Canada and the United Kingdom have taken steps to outlaw indoor tanning for those younger than 18 years and the FDA has considered a similar ban. However, researchers found the risk for melanoma was elevated no matter when users began tanning indoors. The risk was highest for those who began tanning before age 18 (OR=2.18; 95% CI, 1.62-2.94), but those who began tanning from 18 to 24, 24 to 34, and 35 and older were all at increased risk.

Additionally, researchers found that high-speed or high-pressure devices increased the risk for melanoma from 2.86 times to 4.44 times the risk for those who had never used an indoor tanning device. Melanoma risk was especially elevated among users of UVB-enhanced (OR=2.86; 95% CI, 2.03-4.03) and primarily UVA-emitting devices (OR=4.44; 95% CI, 2.45-8.02).

Mounting data

Melanoma incidence has been growing in the United States since the 1970s. The American Cancer Society estimated there were 68,720 incidence of melanoma diagnosed last year and 8,650 deaths, although the death rate has been dropping for those aged younger than 50 years.

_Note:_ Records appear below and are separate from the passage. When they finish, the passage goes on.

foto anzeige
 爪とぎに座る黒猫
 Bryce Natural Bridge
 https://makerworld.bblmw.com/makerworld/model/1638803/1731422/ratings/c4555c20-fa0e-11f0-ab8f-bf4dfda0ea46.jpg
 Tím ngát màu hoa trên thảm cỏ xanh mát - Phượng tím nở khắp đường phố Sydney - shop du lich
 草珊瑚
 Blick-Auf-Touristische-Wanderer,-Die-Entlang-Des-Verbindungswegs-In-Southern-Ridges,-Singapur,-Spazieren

“There’s no question that the data have been mounting and that we do know that tanning beds are part of the problem,” said Allan Halpern, MD, chief of the dermatology service at Memorial Sloan-Kettering Cancer Center. “Tanning bed use is associated with increased melanoma risk. These data are a very important addition to that body of knowledge.”

The International Smart Tan Network issued a release a day earlier attacking the findings by saying researchers “reverse-engineered” the results “to bolster its own pre-existing anti-indoor tanning crusade, failing to properly cite the significance of conflicting data within its own paper, downplaying confounding data that opposed its conclusions and failing to disclose the conflict-of-interest of its own anti-tanning advocacy efforts.”

“Let me make clear: I am not an advocate,” Lazovich said in response. “I am a cancer researcher. I have been conducting research on this topic since about 2000 and all of our research has been peer-reviewed by the National Institutes of Health, funded by the National Cancer Institute and reviewed locally by our university institutional review board.” – by Jason Harris

Lazovich D. Cancer Epidemiol Biomarkers Prev. 2010;doi:10.1158/1055-9965.EPI-09-1249.